## TASK DETAILS
Your answer must be a single number: how many lines in the records include the word "Natural".

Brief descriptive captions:
· · · · ·

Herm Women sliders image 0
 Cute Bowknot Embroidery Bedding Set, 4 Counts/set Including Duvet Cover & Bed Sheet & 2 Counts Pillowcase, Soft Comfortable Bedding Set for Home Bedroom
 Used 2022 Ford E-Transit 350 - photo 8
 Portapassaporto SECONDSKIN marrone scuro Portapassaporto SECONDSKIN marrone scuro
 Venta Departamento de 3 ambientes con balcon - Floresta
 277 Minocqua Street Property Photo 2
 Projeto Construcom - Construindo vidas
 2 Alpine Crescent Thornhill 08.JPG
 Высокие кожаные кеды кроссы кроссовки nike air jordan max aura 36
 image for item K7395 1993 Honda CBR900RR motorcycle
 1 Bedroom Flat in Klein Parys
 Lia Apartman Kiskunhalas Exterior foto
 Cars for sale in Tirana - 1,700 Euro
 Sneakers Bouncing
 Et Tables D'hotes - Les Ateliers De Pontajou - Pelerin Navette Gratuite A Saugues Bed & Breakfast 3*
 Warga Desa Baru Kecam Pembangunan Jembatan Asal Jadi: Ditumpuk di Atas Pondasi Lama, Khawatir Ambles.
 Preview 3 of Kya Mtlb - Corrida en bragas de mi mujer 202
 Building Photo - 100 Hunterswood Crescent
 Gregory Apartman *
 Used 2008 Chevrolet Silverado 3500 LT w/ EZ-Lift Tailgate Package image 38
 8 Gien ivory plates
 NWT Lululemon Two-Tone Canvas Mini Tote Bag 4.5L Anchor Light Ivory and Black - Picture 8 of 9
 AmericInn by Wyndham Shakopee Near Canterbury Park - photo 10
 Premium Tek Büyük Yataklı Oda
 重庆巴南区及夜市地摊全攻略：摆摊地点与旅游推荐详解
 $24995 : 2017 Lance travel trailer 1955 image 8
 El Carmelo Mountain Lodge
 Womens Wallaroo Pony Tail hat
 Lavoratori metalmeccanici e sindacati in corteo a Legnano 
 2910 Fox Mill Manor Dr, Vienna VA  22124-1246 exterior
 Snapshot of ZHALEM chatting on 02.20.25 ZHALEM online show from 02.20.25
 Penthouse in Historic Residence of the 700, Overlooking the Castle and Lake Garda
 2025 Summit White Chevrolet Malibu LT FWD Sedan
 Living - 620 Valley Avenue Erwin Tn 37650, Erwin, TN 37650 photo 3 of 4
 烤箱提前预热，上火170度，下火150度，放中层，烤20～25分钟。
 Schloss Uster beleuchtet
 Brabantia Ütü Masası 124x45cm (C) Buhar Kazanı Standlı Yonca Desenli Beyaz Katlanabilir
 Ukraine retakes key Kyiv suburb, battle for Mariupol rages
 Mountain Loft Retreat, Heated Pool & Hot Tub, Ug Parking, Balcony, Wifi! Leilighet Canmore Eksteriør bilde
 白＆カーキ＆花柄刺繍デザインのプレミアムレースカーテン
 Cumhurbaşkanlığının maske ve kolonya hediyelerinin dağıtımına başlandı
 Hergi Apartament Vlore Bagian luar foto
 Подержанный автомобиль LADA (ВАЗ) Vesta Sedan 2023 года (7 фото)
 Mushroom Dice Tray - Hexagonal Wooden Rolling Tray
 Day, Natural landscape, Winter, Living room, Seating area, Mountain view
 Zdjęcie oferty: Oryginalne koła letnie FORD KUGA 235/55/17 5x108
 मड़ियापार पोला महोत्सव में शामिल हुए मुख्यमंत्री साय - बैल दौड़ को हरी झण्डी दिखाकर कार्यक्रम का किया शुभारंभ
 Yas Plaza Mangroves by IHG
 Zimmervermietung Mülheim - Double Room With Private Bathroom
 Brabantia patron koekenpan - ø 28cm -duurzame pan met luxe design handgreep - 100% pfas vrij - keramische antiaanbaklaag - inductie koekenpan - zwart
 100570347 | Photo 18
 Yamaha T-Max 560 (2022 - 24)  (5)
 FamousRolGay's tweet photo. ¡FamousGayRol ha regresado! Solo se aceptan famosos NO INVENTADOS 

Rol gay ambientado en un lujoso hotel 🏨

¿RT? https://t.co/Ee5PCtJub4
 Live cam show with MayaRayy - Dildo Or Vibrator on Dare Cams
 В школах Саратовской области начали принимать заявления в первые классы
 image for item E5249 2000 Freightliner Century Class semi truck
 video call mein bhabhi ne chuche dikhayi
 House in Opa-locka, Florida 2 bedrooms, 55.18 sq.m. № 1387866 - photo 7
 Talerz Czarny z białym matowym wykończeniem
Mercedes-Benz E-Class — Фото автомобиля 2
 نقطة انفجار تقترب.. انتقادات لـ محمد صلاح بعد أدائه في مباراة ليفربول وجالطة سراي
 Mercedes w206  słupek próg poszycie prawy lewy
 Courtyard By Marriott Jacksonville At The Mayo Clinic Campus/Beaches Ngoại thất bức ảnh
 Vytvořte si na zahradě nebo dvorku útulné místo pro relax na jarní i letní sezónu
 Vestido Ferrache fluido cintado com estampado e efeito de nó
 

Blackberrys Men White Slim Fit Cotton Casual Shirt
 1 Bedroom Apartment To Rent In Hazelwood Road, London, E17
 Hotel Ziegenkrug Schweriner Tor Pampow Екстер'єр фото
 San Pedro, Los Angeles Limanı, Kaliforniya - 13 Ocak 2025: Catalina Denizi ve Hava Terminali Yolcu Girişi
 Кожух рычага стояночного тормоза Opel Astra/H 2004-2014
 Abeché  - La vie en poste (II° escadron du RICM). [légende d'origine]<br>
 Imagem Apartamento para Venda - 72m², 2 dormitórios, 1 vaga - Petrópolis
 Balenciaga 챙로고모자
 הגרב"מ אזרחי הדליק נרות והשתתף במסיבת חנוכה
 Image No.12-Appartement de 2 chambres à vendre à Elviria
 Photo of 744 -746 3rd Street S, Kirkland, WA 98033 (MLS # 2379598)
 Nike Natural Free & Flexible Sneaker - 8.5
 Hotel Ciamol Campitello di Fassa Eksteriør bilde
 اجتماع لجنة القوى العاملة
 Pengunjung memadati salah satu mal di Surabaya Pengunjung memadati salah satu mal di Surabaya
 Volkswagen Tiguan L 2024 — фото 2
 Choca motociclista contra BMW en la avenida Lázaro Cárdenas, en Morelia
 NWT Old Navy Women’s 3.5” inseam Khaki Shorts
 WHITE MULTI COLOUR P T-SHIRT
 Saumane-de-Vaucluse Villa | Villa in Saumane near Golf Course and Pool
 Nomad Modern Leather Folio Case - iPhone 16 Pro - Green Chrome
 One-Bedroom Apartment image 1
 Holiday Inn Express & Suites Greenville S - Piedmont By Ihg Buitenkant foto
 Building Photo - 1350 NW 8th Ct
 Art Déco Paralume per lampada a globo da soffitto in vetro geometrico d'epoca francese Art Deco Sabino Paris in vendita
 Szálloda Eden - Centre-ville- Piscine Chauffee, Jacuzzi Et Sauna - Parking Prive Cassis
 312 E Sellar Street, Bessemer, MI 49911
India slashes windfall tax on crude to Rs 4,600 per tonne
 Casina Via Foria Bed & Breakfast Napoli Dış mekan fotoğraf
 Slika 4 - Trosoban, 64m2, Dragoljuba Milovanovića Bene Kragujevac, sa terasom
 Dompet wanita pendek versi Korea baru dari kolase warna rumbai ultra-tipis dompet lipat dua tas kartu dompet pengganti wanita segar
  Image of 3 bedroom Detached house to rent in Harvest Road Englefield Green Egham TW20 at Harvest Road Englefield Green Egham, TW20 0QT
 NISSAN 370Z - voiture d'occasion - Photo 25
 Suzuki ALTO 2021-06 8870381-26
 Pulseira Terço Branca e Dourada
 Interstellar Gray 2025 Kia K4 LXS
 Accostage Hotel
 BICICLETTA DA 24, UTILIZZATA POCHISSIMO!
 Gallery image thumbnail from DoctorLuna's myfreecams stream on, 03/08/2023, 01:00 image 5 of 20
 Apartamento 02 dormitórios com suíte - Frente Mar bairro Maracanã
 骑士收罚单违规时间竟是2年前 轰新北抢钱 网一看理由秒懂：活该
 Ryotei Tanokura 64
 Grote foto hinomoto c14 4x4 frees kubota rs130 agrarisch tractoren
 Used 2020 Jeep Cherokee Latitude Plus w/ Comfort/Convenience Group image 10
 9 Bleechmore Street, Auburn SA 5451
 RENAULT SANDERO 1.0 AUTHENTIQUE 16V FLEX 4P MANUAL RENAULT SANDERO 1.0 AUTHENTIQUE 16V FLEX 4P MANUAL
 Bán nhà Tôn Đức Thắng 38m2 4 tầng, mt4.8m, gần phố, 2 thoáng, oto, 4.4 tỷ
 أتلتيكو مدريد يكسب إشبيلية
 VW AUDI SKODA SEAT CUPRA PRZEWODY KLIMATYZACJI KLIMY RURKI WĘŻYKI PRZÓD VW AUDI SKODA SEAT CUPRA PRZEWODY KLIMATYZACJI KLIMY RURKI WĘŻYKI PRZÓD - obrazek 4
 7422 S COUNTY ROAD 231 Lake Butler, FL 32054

· · · · ·

## OUTPUT
2